One of the reasons why I think CC-BY-NC-SA is actually a better fit
with BOAI than CC-BY is because it would be more effective to achieve
the vision of BOAI, e.g. "the sharing of the poor with the rich and
the rich with the poor" than CC-BY. That is, CC-BY allows for the
creation of for-pay derivatives that the CC-BY author (or their
family, community, or country) could not afford. This would in effect
be a one-way sharing of the poor with the rich.

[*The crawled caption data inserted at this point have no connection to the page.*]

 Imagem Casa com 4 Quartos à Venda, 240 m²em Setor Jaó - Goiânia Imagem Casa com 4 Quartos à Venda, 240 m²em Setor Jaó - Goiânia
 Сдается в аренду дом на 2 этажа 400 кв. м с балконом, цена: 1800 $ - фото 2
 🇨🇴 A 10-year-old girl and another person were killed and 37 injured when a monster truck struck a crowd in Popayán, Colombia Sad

For this reason, I
always recommend the use of NC for open access authors and publishers
in the developing world.

My argument is presented in more detail in the third chapter of my
draft dissertation, which can be found here:
http://pages.cmns.sfu.ca/heather-morrison/open-thesis-draft-introduction-march-2011/
(search for open access and creative commons)

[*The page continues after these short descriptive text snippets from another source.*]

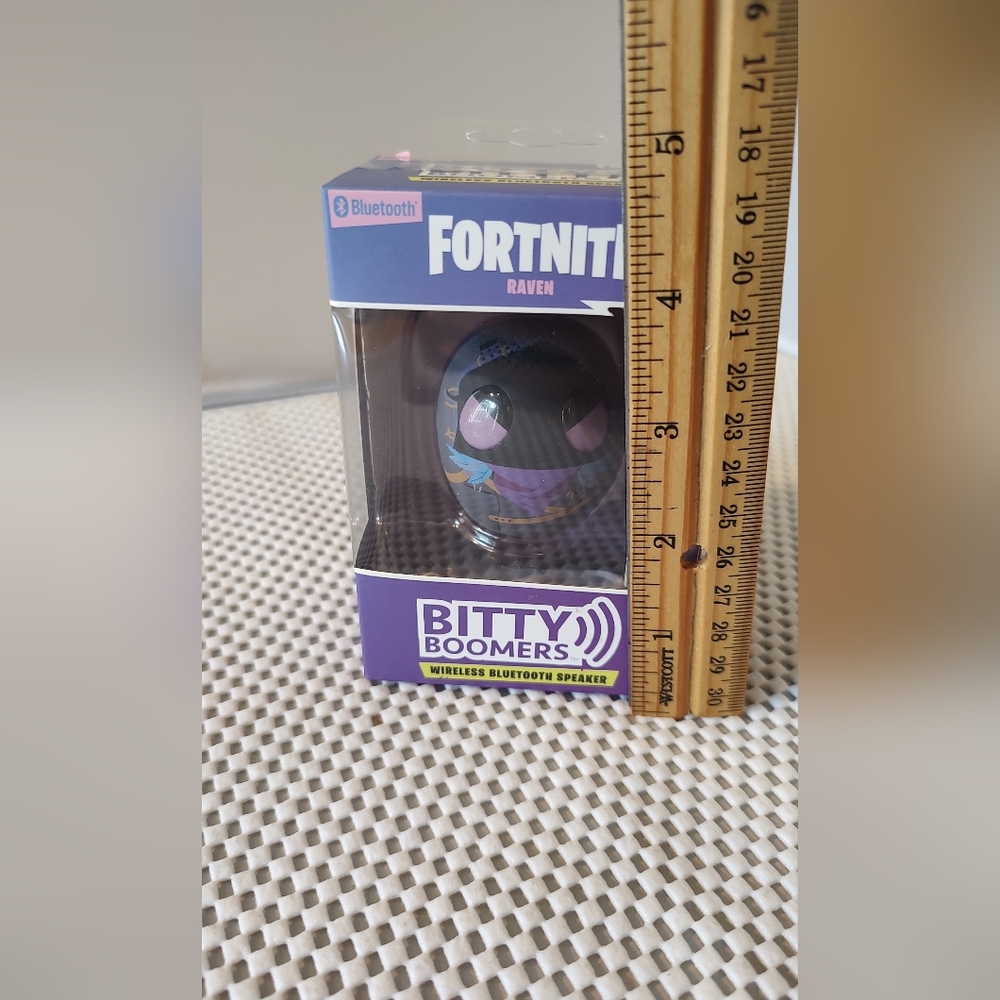 Fortnite Raven Bitty Boomers Wireless Bluetooth Speaker NWT - Picture 3 of 5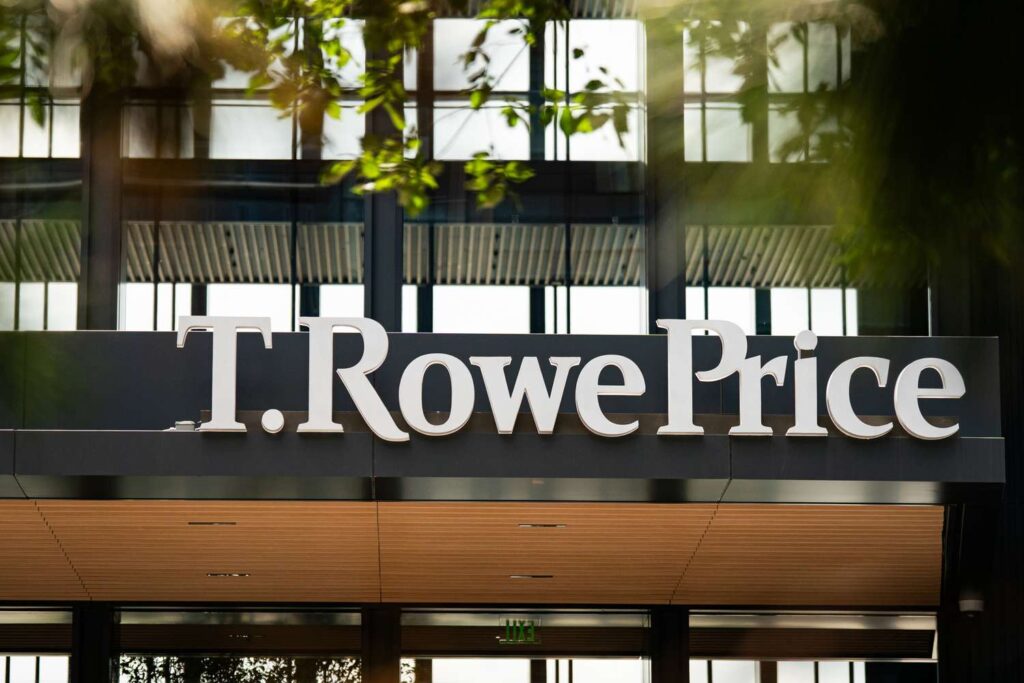T. Rowe Price, Amazon Stocks Rise; Salesforce Sinks After Soft Guidance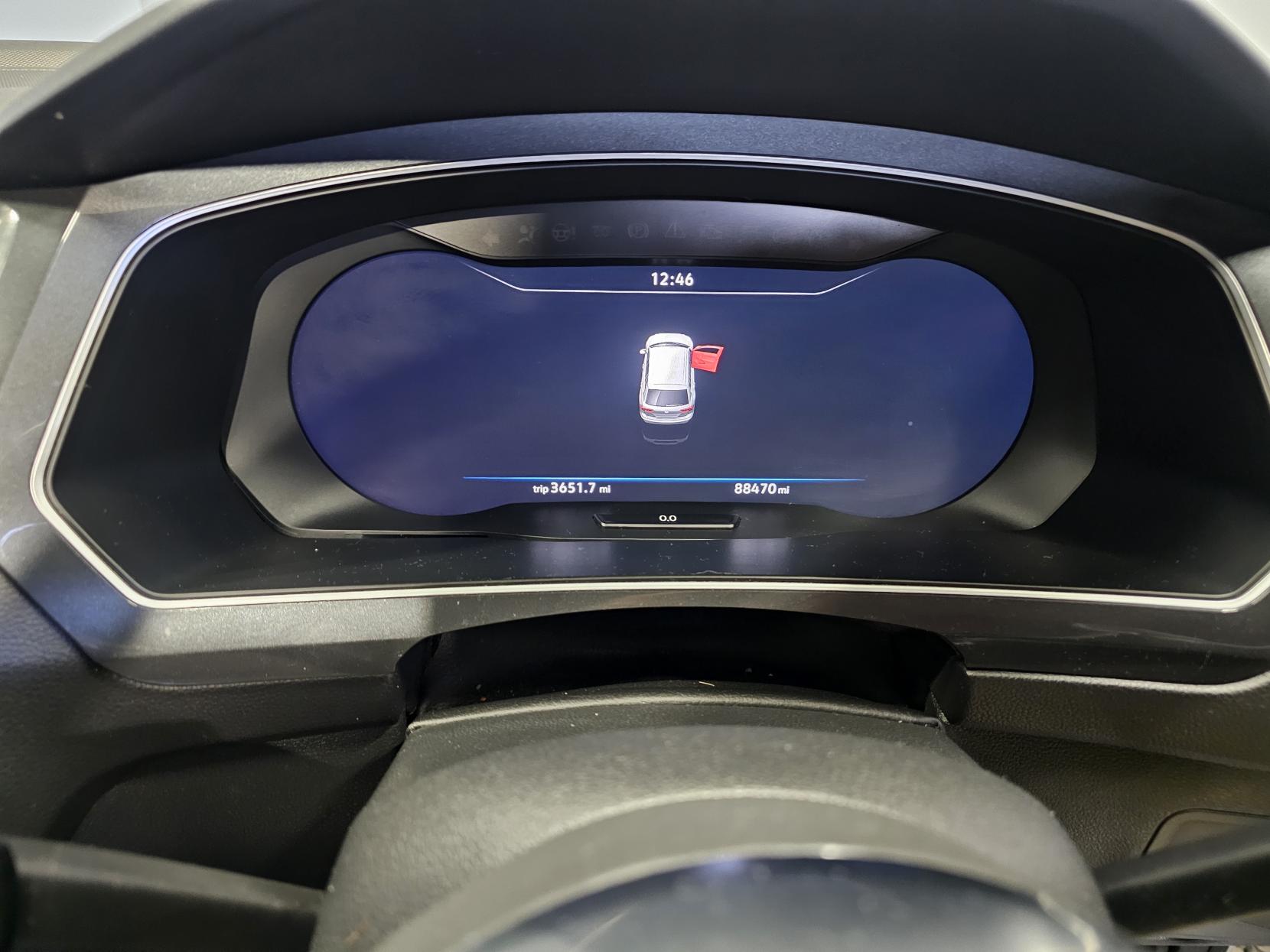 Volkswagen Tiguan 2.0 TDI R-Line SUV 5dr Diesel Manual Euro 6 (s/s) (150 ps)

While I argue that CC-BY-NC-SA is the best available license for the
strongest form of open access, I also argue for a broader, more
inclusive definition of open access. Free to read online with no other
rights is a tremendous improvement over toll access that people cannot
afford. One of Willinsky's most basic points in The Access Principle
is exactly this broad, inclusive approach to open access. Authors,
publishers, universities and research funders around the world work in
many different contexts and it is not clear that there is a single
approach that actually makes sense for everyone. Some publishers and
journals work in areas where research funding is relatively plentiful
and the grant amounts generally large enough to cover article
processing fees. In other areas of scholarship, funding is less
frequent and less generous. Some journals in these areas may be just
barely covering costs with their subscriptions revenue and reluctant
to move to full, immediate, libre open access for valid reasons. When
these journals choose partial OA measures such as free access to back
issues, that is a very fine thing. If we wish these journals to move
to stronger forms of open access, I would suggest that it would be
appropriate to find means of helping them figure out economic
solutions to support a transition. If their chosen model is
problematic, we should point this out and explain what the problem is.
For example, Elsevier's Sponsored Articles is an expensive option
which is essentially a copyright transfer to the publisher which
leaves the author with

In my blogspot, Articulating the Commons, I I argue that we do not yet
have a complete answer to the question of how best to share our works,
and that rather than rushing to find a solution, it would be optimal
to open up a discussion to take place over many decades, around the
world, involving as many people who are interested and willing to
contribute, and taking into account a wide variety of perspectives,
including non-western perspectives.
http://poeticeconomics.blogspot.ca/2011/12/articulating-commons-leaderful-approach.html

This topic has generated some lively discussion recently on the SPARC
Open Access Forum, the open science list, scholcomm, and google's G+,
in case anyone wishes to delve into the details of the debates.